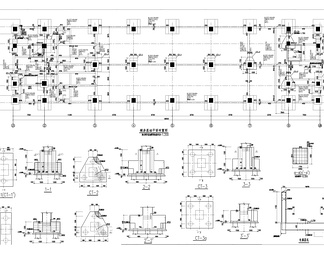 大型厂房建筑施工图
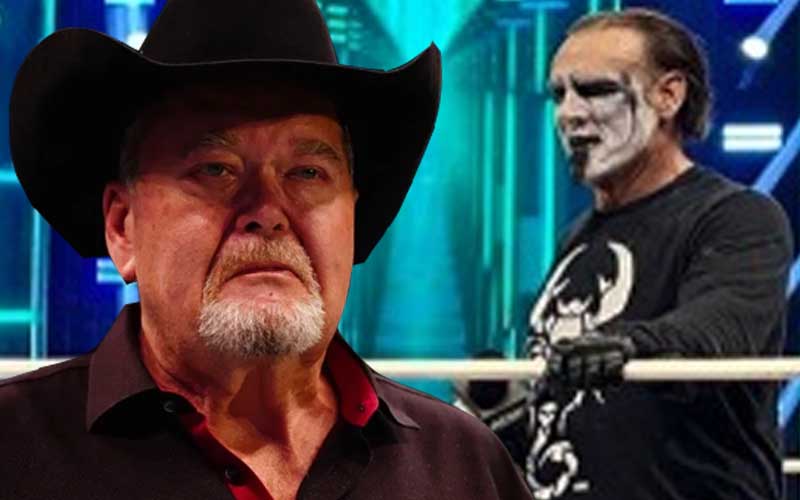 Jim Ross Reveals Thoughts On WWE Acknowledging Sting’s Retirement On RAW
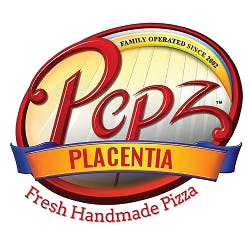 Pepz Pizza Placentia Logo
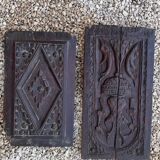 Decorative panels 17th century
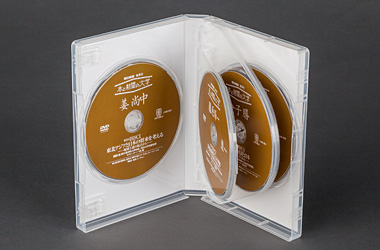 「本と新聞の大学 DVD全6枚 講義DVD集」収納ケース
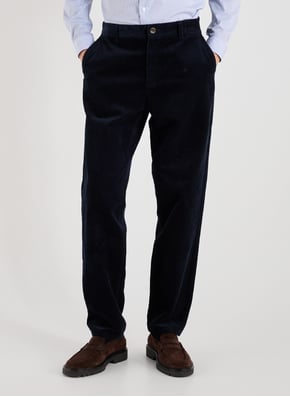 Straight cotton trousers LES DEUX Straight cotton trousers LES DEUX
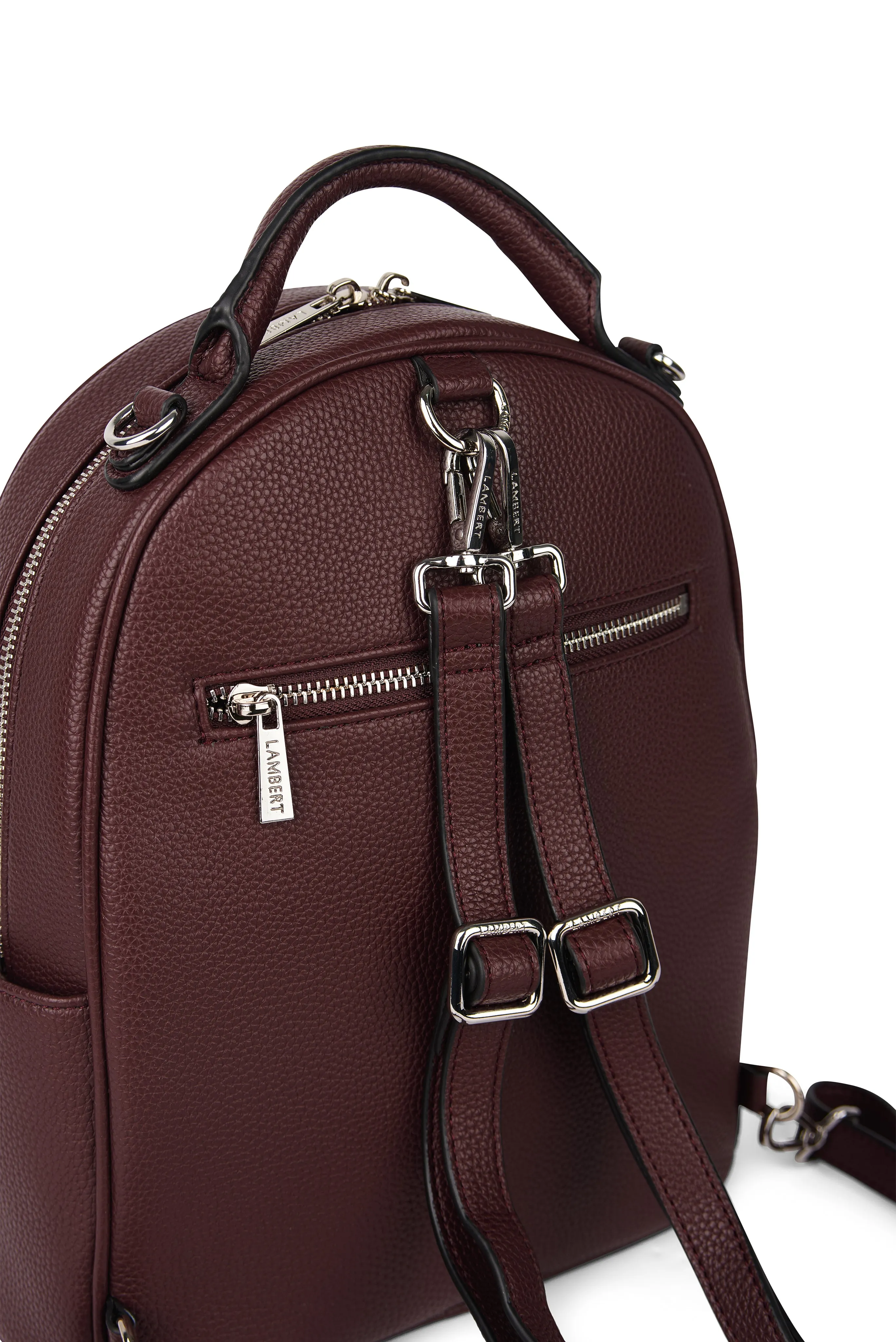 Sac À Dos 3-En-1 Maude Mahogany sold by Boutique Elena product image thumbnail 5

****************

*Work item*
Leave the pictures out and retype only the lines from the line with "Straight cotton trousers LES DEUX Straight" through the final line of the material, both ends included, word for word.

*Expected answer*
 Straight cotton trousers LES DEUX Straight cotton trousers LES DEUX
 Sac À Dos 3-En-1 Maude Mahogany sold by Boutique Elena product image thumbnail 5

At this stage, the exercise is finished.